Only the pictures should be dropped; every line of the data must come back exactly as written.

> **SUPPLIED DATA**
%%

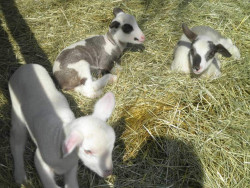 Mini zoo Pema Farm Látkovce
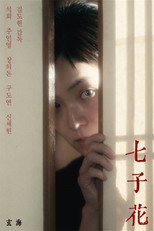 Poster de la película MIDORI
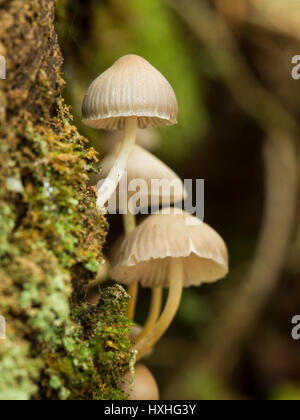 Champignons de Cornouailles Banque D'Images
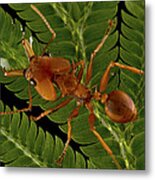 Large Headed Ant Worker Surinam Metal Print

%%

> **WRITTEN RESPONSE**
 Mini zoo Pema Farm Látkovce
 Poster de la película MIDORI
 Champignons de Cornouailles Banque D'Images
 Large Headed Ant Worker Surinam Metal Print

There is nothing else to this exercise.